X-men ’92 #5 is a comic that had me cackling early in the issue, only to audible gasp come the book’s final pages. To say it’s a good comic is an understatement.

There’s been some online chatter than this book is too jokey at times. Granted there’s been an abundant amount of humor in this series, writers Chris Sims and Chad Bowers are definitely not afraid to get serious at times, which is shown in this issue. And it’s a nice throwback of sorts, as the nature of Storm (phrasing) and Beast’s conflict is something that’s been explored before in Fall of the Mutants/Inferno era of the X-men, and as recent as various X-Force revivals titles. The creative team have done nods like this before, but this is the first time it’s had so much depth to it, and I’m feeling it.

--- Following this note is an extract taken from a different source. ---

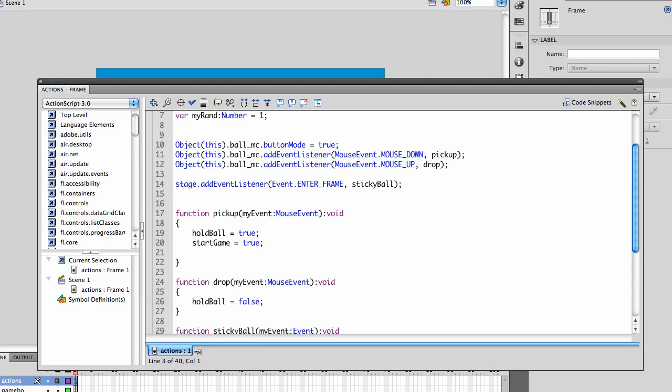So we create the pickup event, which is getting the mouse event, and we just set the variables. holdBall is equal to true, startGame is equal to true.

Art wise, Alti Firmansyah is super expressive and animated, and letterer Travis Lanham does something really neat with their choice of fonts during on extended scene. The book has relied on nostalgia for jokes before, and in this particular instance, the lettering really helps sell the humor here. It’s a neat bit that I appreciated a bunch. Matt Milla’s colors are solid, especially when dealing with the Cyberspace craziness.

The second arc of X-men ’92 is a massive improvement over the mini series it followed, and I dug the hell out of that mini. Bower, Sims and the entire art team are given more room to breathe, and don’t have to worry about adhering to the rules of a crossover event. Free to tell their own stories, they turn the extreme up to 11, and gave us an arc that’s absolutely bonkers, yet incredibly enjoyable.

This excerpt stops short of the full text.